The northeastern portion of present-day Maine was first sparsely occupied by Maliseet Indians and French settlers from Acadia. The lands between the Kennebec and Saint Croix rivers were granted to the Duke of York in 1664, who had them administered as Cornwall County, part of his proprietary Province of New York. In 1688, these lands (along with the rest of New York) were subsumed into the Dominion of New England. English and French claims in western Maine would be contested until the British conquest of New France during the French and Indian War. With the creation of the Province of Massachusetts Bay in 1692, the entirety of what is now Maine became part of that province.

==District history==
When Massachusetts adopted its state constitution in 1780, it created the District of Maine to manage its northernmost counties, bounded on the west by the Piscataqua River and on the east by the Saint Croix River.
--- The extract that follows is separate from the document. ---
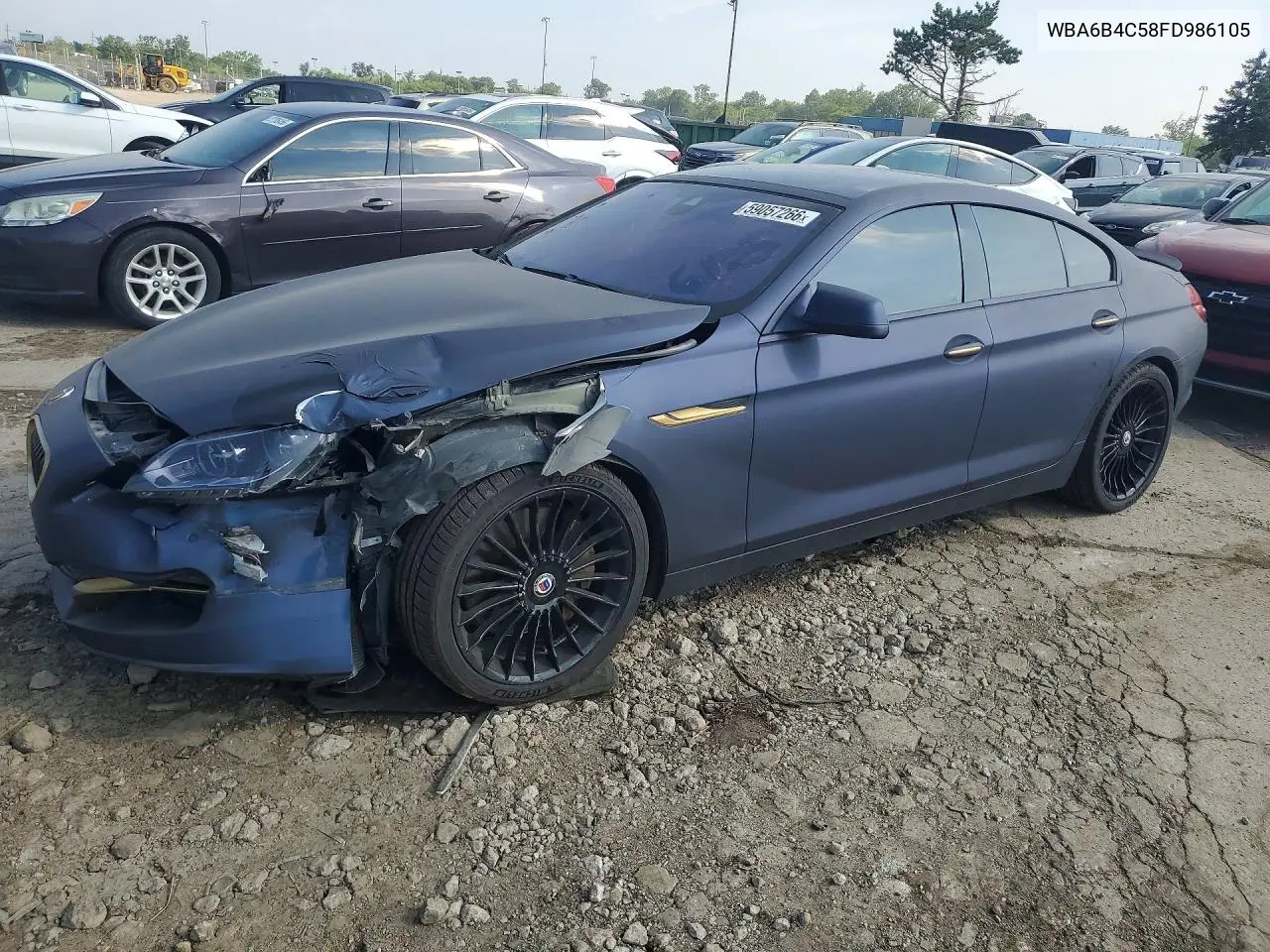 2015 BMW Alpina B6 VIN: WBA6B4C58FD986105 Lot: 59057266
By 1820, the District had been further subdivided with the creation of Hancock, Kennebec, Oxford, Penobscot, Somerset, and Washington counties.

A movement for Maine statehood began as early as 1785, and in the following years, several conventions were held to effect this. Starting in 1792, five popular votes were taken but all failed to reach the necessary majorities. During the War of 1812, British and Canadian forces occupied a large portion of Maine including everything from the Penobscot River east to the New Brunswick border with the goal of annexing them to Canada as the Colony of New Ireland. A weak response by Massachusetts to this occupation and possible British annexation contributed to increased calls in the district for statehood.

==Statehood==

Results by county

The Massachusetts General Court passed enabling legislation on June 19, 1819, separating the District of Maine from the rest of the Commonwealth. The following month, on July 19, voters in the district approved statehood by 17,091 to 7,132.

| County | For statehood |  | For status quo |  |
| Votes | PCT | Votes | PCT |
| Cumberland | 3,315 | 70.4% | 1,394 | 29.6% |
| Hancock | 820 | 51.9% | 761 | 48.1% |
| Kennebec | 3,950 | 86.0% | 641 | 14.0% |
| Lincoln | 2,523 | 62.2% | 1,534 | 37.8% |
| Oxford | 1,893 | 77.5% | 550 | 22.5% |
| Penobscot | 584 | 71.7% | 231 | 28.3% |
| Somerset | 1,440 | 85.9% | 237 | 14.1% |
| Washington | 480 | 77.7% | 138 | 22.3% |
| York | 2,086 | 55.9% | 1,646 | 44.1% |
| Total: | 17,091 | 70.6% | 7,132 | 29.4% |

The results of the election were presented to the Massachusetts Governor's Council on August 24, 1819. The Maine Constitution was unanimously approved by the 210 delegates to the Maine Constitutional Convention in October 1819. On February 25, 1820, the General Court passed a follow-up measure officially accepting the fact of Maine's imminent statehood.

At the time of Maine’s request for statehood, there were an equal number of free and slave states. Pro-slavery members of the United States Congress saw the admission of another free state, Maine, as a threat to the balance between slave and free states. They would support statehood for Maine only if Missouri Territory, where slavery was legal, would be admitted to the Union as a slave state. Maine became the nation's 23rd state on March 15, 1820, following the Missouri Compromise, which allowed Missouri to enter the Union as a slave-holding state and Maine as a free state.